Of course, that requires a staff, and editors, and meticulous people, none of which sites like techcrunch or the zdnet blogs ever seem to employ.
haha.
we thought we were the ones doing tech satire. but someone at techcrunch lecturing another site about using unnamed/unreliable sources and posting juicy (though totally false) stories? that brings parody to a whole new level. we sit in awe. thanks for the laughs.
and now, for a self serving yet relevant link:
http://www.esar...on-ethics-czar/
dt
Um, that was the kind of the point I was making. I hope your satire is better than your irony.
Please inject yourself further into your next article. Up the “I” count, please!
spot on
Dude, this is America. Here we go to war even before we can verify things. Haven’t you heard about the great shoot first think later American philosophy?
Good article, but just think how much better it could have been if you’d found a way around the ‘by which I mean, not me’ stuff.
Ego has got you this far, but no further.
“Ego has got you this far, but no further.”

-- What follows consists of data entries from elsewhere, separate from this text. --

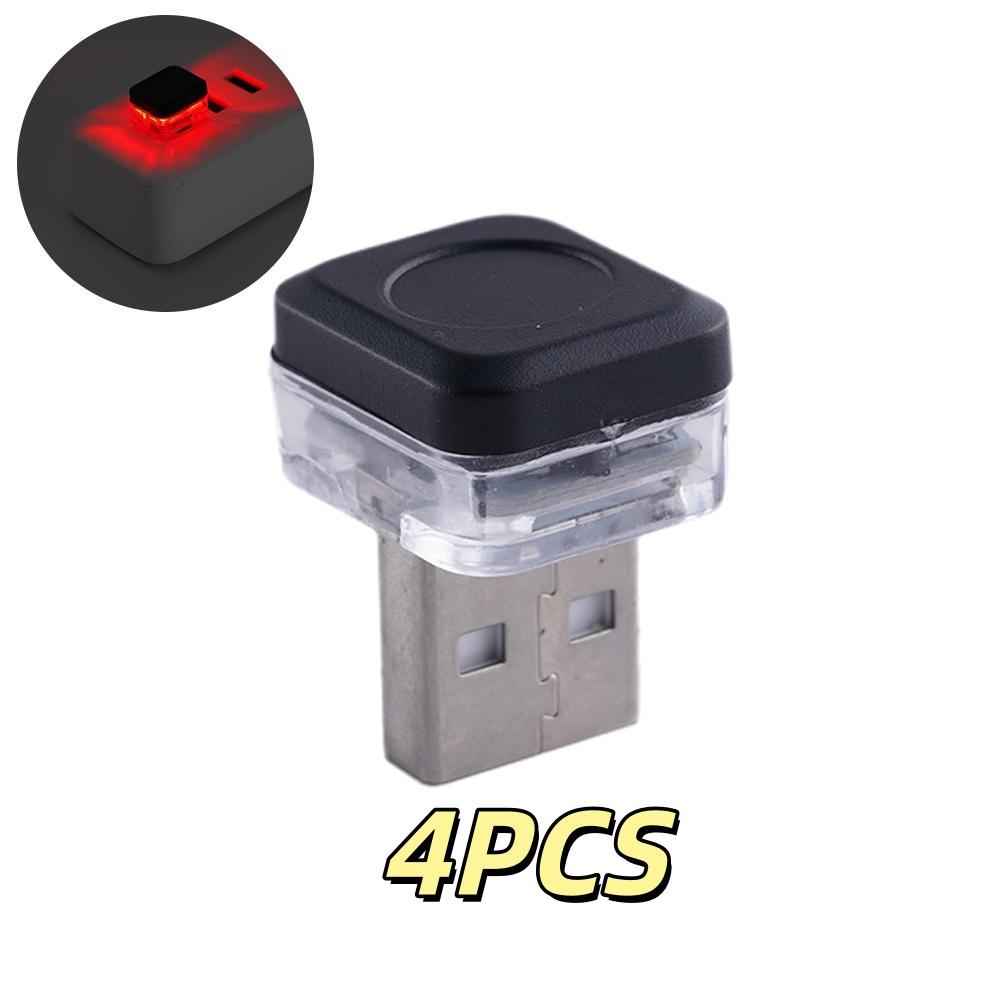 1/4 шт. Универсальный USB-свет для атмосферы в салоне автомобиля, светодиодные сигнальные огни, лампа для чтения в автомобиле, украшения, аксессуары для салона автомобиля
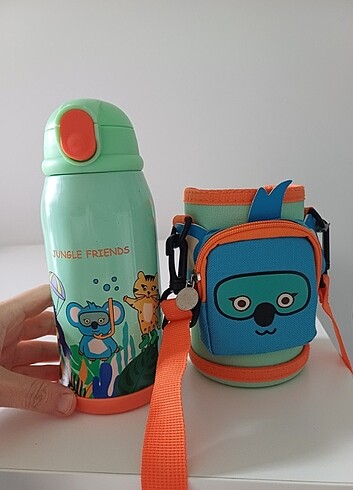 Milky moo çelik pipetli matara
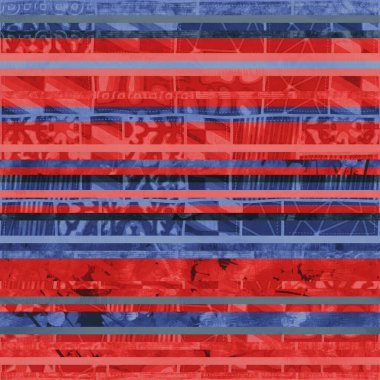 Kusursuz kalça Vogue rastgele moda çizgili desen baskısı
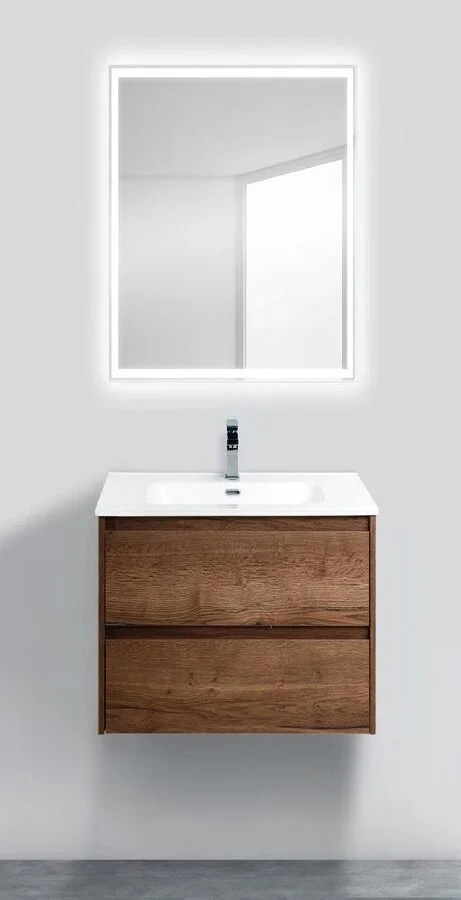 Тумба под раковину подвесная BelBagno Kraft 60 см rovere tabacco - фото 4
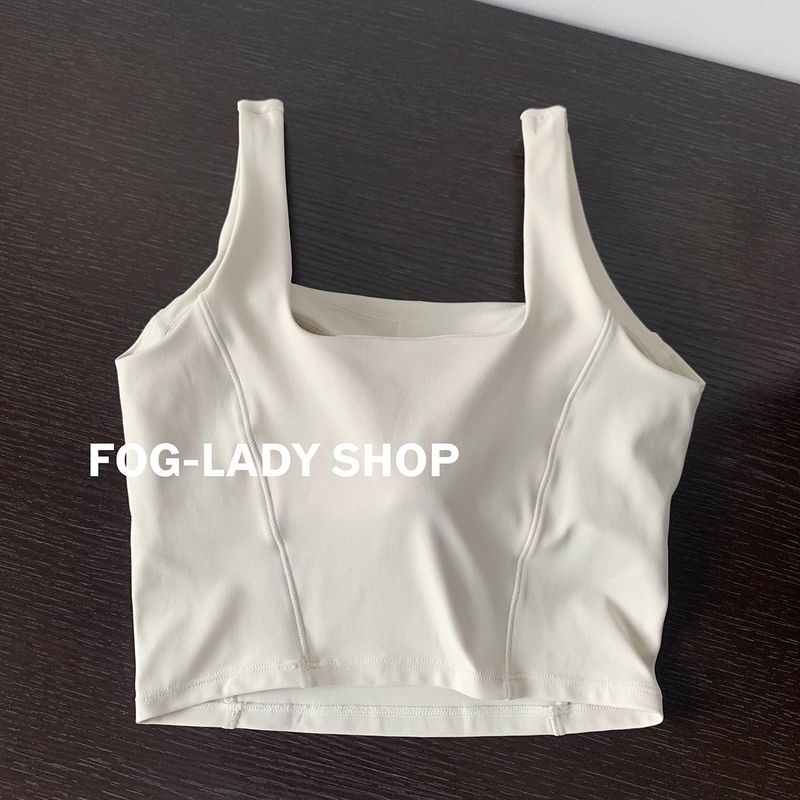 Sous-vêtements de sport une pièce pratiques et faciles à porter pour femmes, gilet de yoga, hauts à bonnets fixes, soutien-gorge sans usure_voghion.com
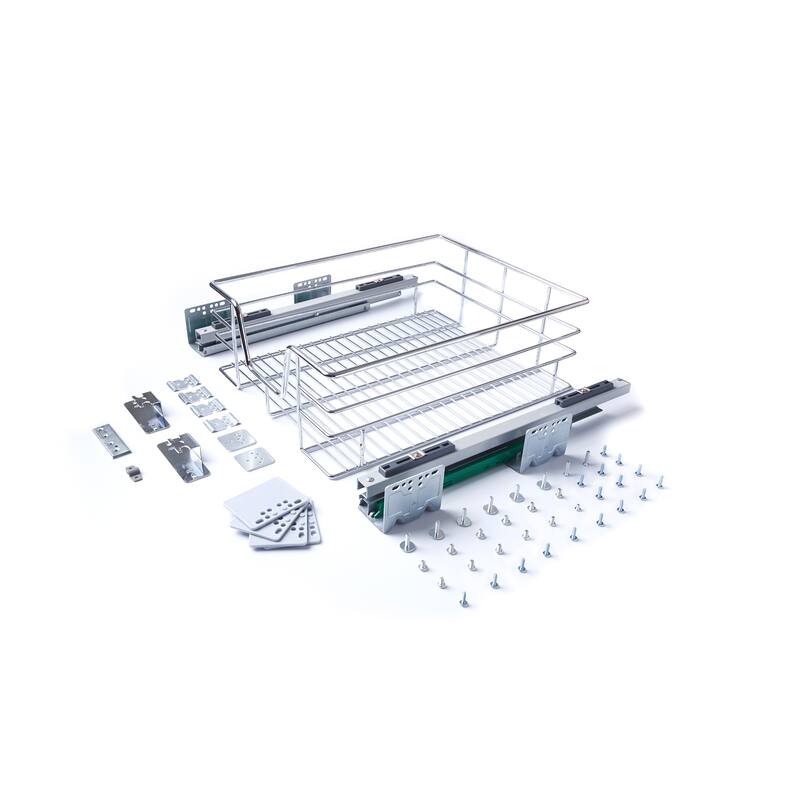 Kitchen Cabinet multiuse basket pull out sliding organizer - N/A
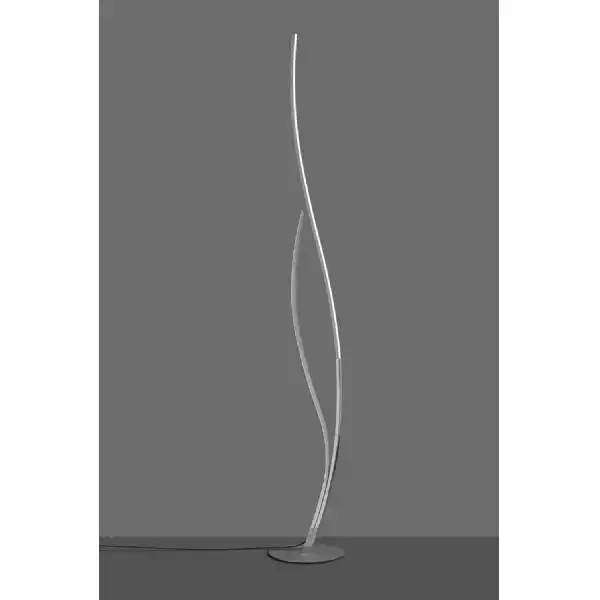 Corinto Floor Lamp 174cm, 30W LED, 3000K, 2400lm Dimmable, Silver Chrome, 3yrs Warranty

Well, yes. If history has taught us anything it’s that ego and writing about one’s self is the path to failure for the opinion columnist. I made a similar point in my Nobel-prize winning book…
http://www.paulcarr.com/book
…and I’ll probably rehash the same idea in my next one.
How’s being a condescending prig working out for you, career-wise?
“How’s being a condescending prig working out for you, career-wise?”
Wow, seething.
Carr, I feel like you are the Robert De Niro from taxi driver cleaning up the streets of TC
Wow Craig, I’m sorry, but public fail.
You missed the point of that rhetorical device, which I thought was successful and funny. So, imho, you’re just plain wrong. And that’s before the prig part.
(Don’t feel too bad, I’ve failed hard on TC. It’s a rite of passage)
You’re right, Clayton, I was plain wrong because I was plain drunk (I’m five hours ahead). I have absolutely no idea what point I was trying to make at the time.
Apologies, Paul (and excellent riposte). Do carry on.
Happens to the best of us.
Ok, i just gotta speak up here, Paul, there are a bunch of people who just absolutely hate you, but I think I have a bit of a man crush on you! Your first few stories admittedly had there struggles, but that was because you were being to blaitantly obvious about trying to be controversial, now that you have loosened up, its great. You crack me up man, (”How’s being a condescending prig working out for you, career-wise?”) keep it up!
“bit of a man crush on you!”
Thanks for having the balls to say it so I can too.
Dude, CBS owns CNET.
Clearly this Yahoo incident wasn’t needed to make your point.
CBS owns CNET which owns ZDNet. Dude.
OK, one more step closer to the unthinkable: a Paul Carr article on Arabics and Muslims.
The irony is strong here. What TC is commenting on looks like exactly the kind of “process journalism” it practices. Pot kettle black.
Very interesting and amusing subject. I read with great pleasure.